The Lives We Lost
Author: Megan Crewe
Published: February 12, 2013
288 Pages
5 Gold Stars
(summary from Goodreads)
A deadly virus has destroyed Kaelyn’s small island community and spread beyond the quarantine. No one is safe. But when Kaelyn finds samples of a vaccine in her father's abandoned lab, she knows there must be someone, somewhere, who can replicate it. As Kaelyn and her friends head to the mainland, they encounter a world beyond recognition. It’s not only the “friendly flu” that’s a killer—there are people who will stop at nothing to get their hands on the vaccine. How much will Kaelyn risk for an unproven cure, when the search could either destroy those she loves or save the human race?
Megan Crewe's second volume in the Fallen World trilogy is an action-packed journey that explores the resilience of friendship, the ache of lost love, and Kaelyn’s enduring hope in the face of the sacrifices she must make to stay alive.
It's not often I'm this impressed with the middle book of a series. Especially since the format has changed (the first book was written in diary form) and so much has already happened in the first book. The Way We Fall introduced Kaelyn and her small island off the coast of Nova Scotia. One day everything is fine, the next there is a virus going around called the Friendly Flu that causes people to first get sick, become itchy, then move into a phase where they can't control what they say out loud and ends with violent hallucinations before death takes its toll. Kaelyn struggles to survive as most everyone on her island gets sick, including her family and friends. Each word shows her struggle and with every page, you're not sure what to expect. I finished it quickly because there was no stopping.

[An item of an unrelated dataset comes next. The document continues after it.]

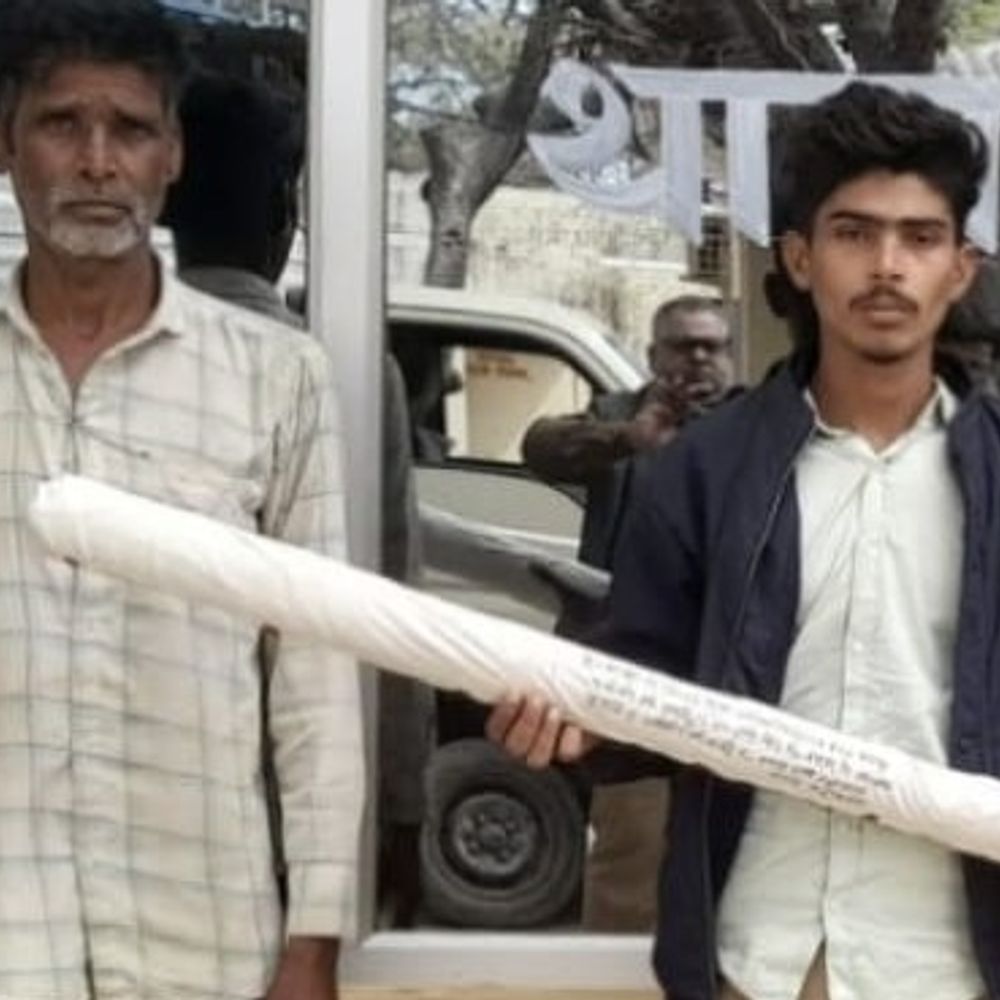 हत्या के मामले में फरार दो आरोपी गिरफ्तार:मोरंग डालने और पैसों के लेनदेन पर हुआ था विवाद, सिर पर डंडा मारकर ली थी जान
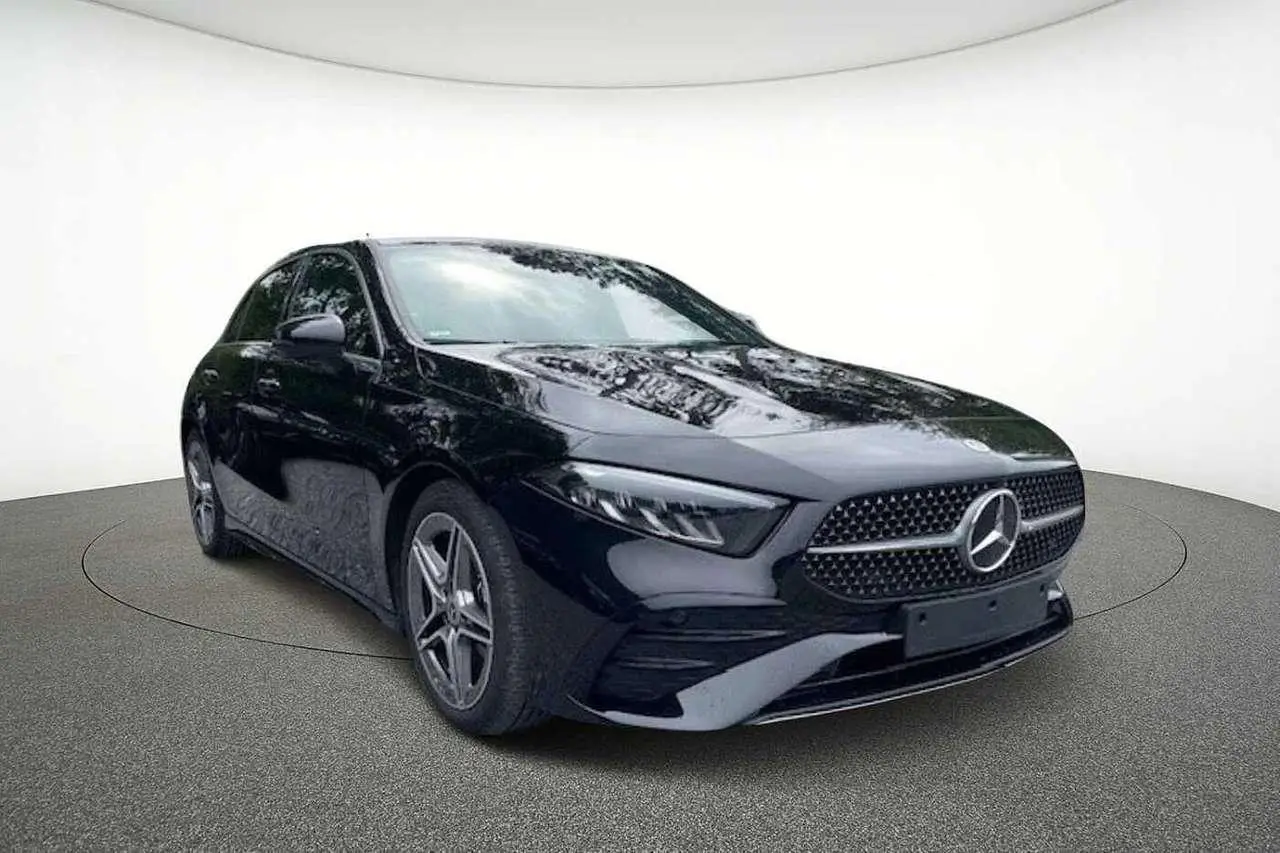 Photo 1 : Mercedes-benz Classe A 2023 Essence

The sequel begins with Kaelyn finding a vaccine her father created before he died and she knows she must find a way to get it to the people that can duplicate it and help the world. She thought the virus was contained to the island, but the whole world is infected and she knows it's up to her to get to Ottawa and give the government the vaccine. Suddenly Kaelyn is living on a deadly planet, holding the vaccine close and trying to survive every day. With her small group of friends, they start across the country, risking their lives to save others. This is one of the most realistic apocalypse books I've erad. Everything our group encounters feels so real. Whenever they ran into someone on the street I was scared for what would happen next. People act crazy when it comes down to only one surviving. It's not just about getting to Ottawa, it's about staying alive.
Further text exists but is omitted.